Was Diamonds on the Water im letzten Jahr war, könnte dies hier 2015 werden: bestes englisches Folkrockalbum für eine ganze Menge Leute, mich eingeschlossen. Aufmüpfig wie die Whisky Priests, tiefgründig wie Chumbawamba und Mut machend wie die Oysters kommt hier eine tolle Band, die anspricht und mitreißt. Das heute veröffentlichte Ghost in our House ist erst ihr drittes volles Album. Die Band um die Brüder Kettle (Andrew – Gesang, Bob – Mandoline, John – Gitarre) bringt jedoch reichlich Erfahrung mit und ist bestens aufeinander eingespielt. Prägend sind die starken Stimmen, genauer das Duo Virginia Kettle (Ehefrau von John) und ihr Schwager Andrew. Sie tragen die Inhalte der selbst geschriebenen Lieder, die kluge Alltagsbetrachtungen mit einem Schuss Humor anstellen, über Liebe und Verlust sinnieren, aber auch politisch Haltung zeigen.
Dass es …and other stories heißt, ist bei Texten gerechtfertigt, die in der sozialen Realität stehen, einer vergangenen wie auch der gegenwärtigen. Die Refrains besitzen einen Hang zum Hymnischen. Bass (Nick Davies) und Drums (Andy Jones), Keyboards (Lee Goulding) und Fiddle (Neil McCartney) liefern feine Arrangements. Das Booklet der CD enthält alle Texte, und auch die Grafik überzeugt.
Merry Hell sind hörbar in der englischen Folkszene verankert, besitzen aber souveräne Eigenständigkeit und einen wiedererkennbaren Sound.
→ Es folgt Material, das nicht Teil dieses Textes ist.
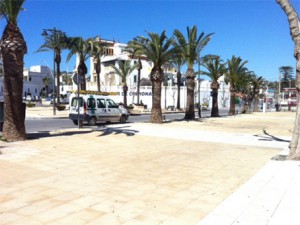 Soterrados la red aérea de baja tensión en la plaza del Padre Lerchundi para mejorar su eficiencia y la estética del lugar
Mit Ghost… sind die Acht aus Nordwestengland definitiv in der international präsentablen Liga angekommen. Ihre in den Neunzigern beginnende Geschichte kann man bei wikipedia (engl.) nachlesen. In ihrer Heimat haben sich Merry Hell bereits als Festivalband einen Namen gemacht. Vielleicht auch bald hier?